Crate arrow_udf_js

Source
Expand description

§JavaScript UDF for Apache Arrow

Crate Docs

§Usage

Add the following lines to your Cargo.toml:

[dependencies]
arrow-udf-js = "0.6"

Create a Runtime and define your JS functions in string form. Note that the function must be exported and its name must match the one you pass to add_function.
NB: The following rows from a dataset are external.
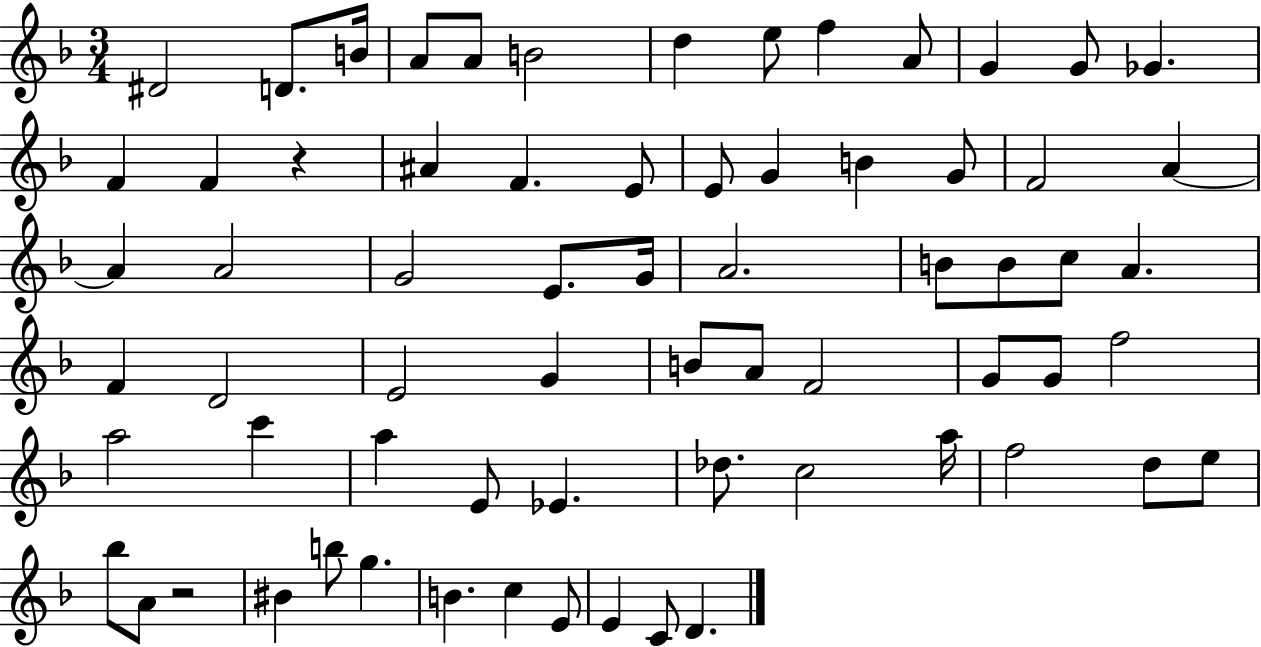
X:1
T:Untitled
M:3/4
L:1/4
K:F
^D2 D/2 B/4 A/2 A/2 B2 d e/2 f A/2 G G/2 _G F F z ^A F E/2 E/2 G B G/2 F2 A A A2 G2 E/2 G/4 A2 B/2 B/2 c/2 A F D2 E2 G B/2 A/2 F2 G/2 G/2 f2 a2 c' a E/2 _E _d/2 c2 a/4 f2 d/2 e/2 _b/2 A/2 z2 ^B b/2 g B c E/2 E C/2 D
use arrow_udf_js::{FunctionOptions, Runtime};

let mut runtime = Runtime::new().await?;
runtime
    .add_function(
        "gcd",
        arrow_schema::DataType::Int32,
        r#"
        export function gcd(a, b) {
            while (b != 0) {
                let t = b;
                b = a % b;
                a = t;
            }
            return a;
        }
        "#,
        FunctionOptions::default().return_null_on_null_input(),
    )
    .await?;

You can then call the JS function on a RecordBatch:

let input: RecordBatch = ...;
let output: RecordBatch = runtime.call("gcd", &input).await?;

If you print the input and output batch, it will be like this:

 input     output
+----+----+-----+
| a  | b  | gcd |
+----+----+-----+
| 15 | 25 | 5   |
|    | 1  |     |
+----+----+-----+

For set-returning functions (or so-called table functions), define the function as a generator:

use arrow_udf_js::{FunctionOptions, Runtime};

let mut runtime = Runtime::new().await?;
runtime
    .add_function(
        "range",
        arrow_schema::DataType::Int32,
        r#"
        export function* range(n) {
            for (let i = 0; i < n; i++) {
                yield i;
            }
        }
        "#,
        FunctionOptions::default().return_null_on_null_input(),
    )
    .await?;

You can then call the table function via call_table_function:

let chunk_size = 1024;
let input: RecordBatch = ...;
let outputs = runtime.call_table_function("range", &input, chunk_size)?;
while let Some(output) = outputs.next().await {
    // do something with the output
}

If you print the output batch, it will be like this:

+-----+-------+
| row | range |
+-----+-------+
| 0   | 0     |
| 2   | 0     |
| 2   | 1     |
| 2   | 2     |
+-----+-------+

The JS code will be run in an embedded QuickJS interpreter.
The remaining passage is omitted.